A homeowner owned two homes, his own home and a home he purchased for his adult child to live in. He sold the adult child’s home after 3 years. Market value of the child’s home increased at a faster rate than the market value on his own home, implying a higher capital gain on the daughter’s home compared to his own home for that same time period.
I’ve reviewed the Income Tax Folio S1-F3-C2 on Principal Residence Exemption (PRE), which discusses 1) ownership; 2) only one residence except in year of purchase & sale of a property; 3) family unit which includes children under 18 yrs of age. Older children can apply the PRE on their own home that they purchase.
I’ve read elsewhere that if the homeowner moved, say to a Personal Care Home, and had no other principal residence, and if his adult child lived in his home, that the PRE could be applied for all years despite he himself not living there.

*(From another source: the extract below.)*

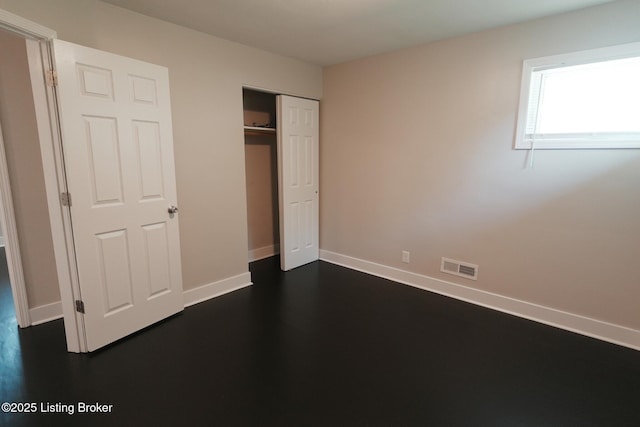 10104 Nanka Rd, Louisville, KY 40272 - unfurnished bedroom featuring a closet and dark wood-style floors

So in this case, with the home purchased for his daughter, could the homeowner claim this home for the PRE since it was occupied by his child, and then at some point in the future when he sells his own personal residence, claim the capital gain for that same 3 year portion. In this way, he is still reporting only ONE Principal Residence, but reducing the capital gains tax by applying it to the property with a lower market value.
Appreciate your thoughts on this.
Without doing extensive reading, my gut feel on this is “no”…for one basic reason. One of the considerations of a PRE is that the kids (if using that example) must be <18 yr…given that you said she is an “adult”, isn’t this immediately offside?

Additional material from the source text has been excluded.